To this language, the present invention adds several important features. The basic procedure for writing an extraction rule begins with choosing an attribute to extract. A list of possible attributes is displayed in the toolkit for a given category of asset i. Baseball, News, Technology. The extractor author then tries to visually determine a pattern that describes either the location or the style of the text to be retrieved.
For example, the desired text may be the first bold text on the page, the text after a particular picture, or the last URL link on the page. The author then examines the HTML sources of several similar pages to verify that such rules will consistently retrieve the correct text. Finally, the author types the rule for an attribute and can test it against several different pages. An example of a typical extraction rule is given in FIG. Each extraction rule will contain potentially three components. The first component designates the name of the attribute. The second component indicates whether multiple assets are generated from a single data set subject to extraction and whether the attribute will be found in the common shared text, not the text belonging to the individual assets.
The third component designates the pattern for which the extractor should search to locate the value for the attribute designated in the first component Referring back to FIG. The XML document that the Metabase Agent 10 receives contains the asset type and a list of attribute-value pairs. As an example, a particular asset extracted from CNN. In order to improve the quality of the data for this asset and enable higher recall, the Metabase Agent must consult the WorldModel.

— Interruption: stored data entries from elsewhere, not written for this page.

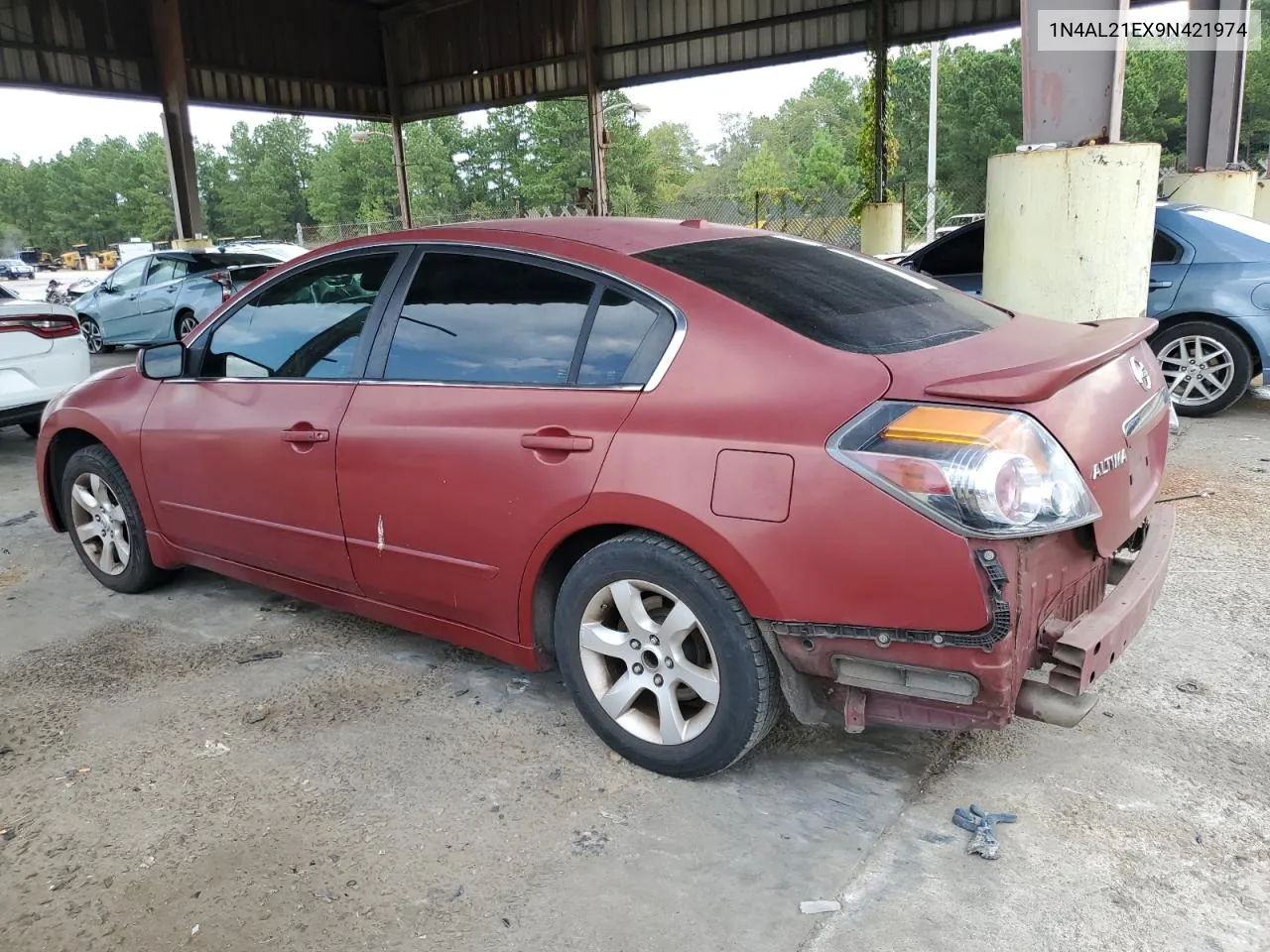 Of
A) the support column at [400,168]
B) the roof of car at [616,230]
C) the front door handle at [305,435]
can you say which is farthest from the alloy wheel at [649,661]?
the support column at [400,168]

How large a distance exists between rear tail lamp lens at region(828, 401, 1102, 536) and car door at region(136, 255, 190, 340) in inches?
506

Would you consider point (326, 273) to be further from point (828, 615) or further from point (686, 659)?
point (828, 615)

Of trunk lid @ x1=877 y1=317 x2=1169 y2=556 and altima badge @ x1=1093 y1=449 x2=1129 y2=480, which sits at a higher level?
trunk lid @ x1=877 y1=317 x2=1169 y2=556

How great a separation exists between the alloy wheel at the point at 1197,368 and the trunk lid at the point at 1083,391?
4592 mm

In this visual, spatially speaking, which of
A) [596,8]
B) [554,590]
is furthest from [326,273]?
[596,8]

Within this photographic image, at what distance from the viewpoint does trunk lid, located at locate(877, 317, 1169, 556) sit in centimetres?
231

Hayman, V. Hinard, D. Howe, X. Huang, R. Huntley, H.
Semantic Models for Multimedia Database Searching and Browsing
Bye-A-Jee, R. Kishore, O. Lang, R. Lee, A. Lock, R. Lovering, A. MacDougall, M. Martin, P. Masson, J. Mendel, M. Munoz-Torres, R. Nash, L.
Ni, A. Nikjenad, C. Palka, C. Pich, K. Pichler, S. Poux, L. Reiser, P. Roncaglia, T. Sawford, A. Shypitsyna, D. Sitnikov, E. Speretta, N. Tyagi, S. Toro, M.
- RELATED BOOKS.
- Data reduction and error analysis for physical sciences.
- People Power: Unarmed Resistance and Global Solidarity?
- Semi-Citizenship in Democratic Politics.
- Modelling multimedia data!
- Statistical Mechanics?
- Railroad Postcards in the Age of Steam!
Tuli, K. Warner, E. Wong, V. Wood and R. Correspondence to Paul D. Reprints and Permissions. Advanced search. Skip to main content. Subjects Computational biology and bioinformatics Genomic analysis. Rent or Buy article Get time limited or full article access on ReadCube. References 1. Article Google Scholar 3. Article Google Scholar 4. Article Google Scholar 8. Separate different tags with a comma. To include a comma in your tag, surround the tag with double quotes. Please enable cookies in your browser to get the full Trove experience.
Skip to content Skip to search. Kashyap, Arif Ghafoor. Published Boston, Mass. Language English View all editions Prev Next edition 4 of 6. Series The Kluwer international series on advances in database systems ; 21 Subjects Multimedia systems. Database searching.
Andre fag naturvidenskab og teknik Andre fag. Contents Machine derived contents note: List of Figures. List of Tables. Semantic Models for Multimedia Information. Multimedia Database Searching. Multimedia Browsing.
- Modelling multimedia data;
- Minimal Access Surgery in Oncology.
- 74, All Tech jobs | fozoxidy.tk.
- Radiation Biophysics?
- Mens Health (April 2010).
Notes Includes bibliographical references and index.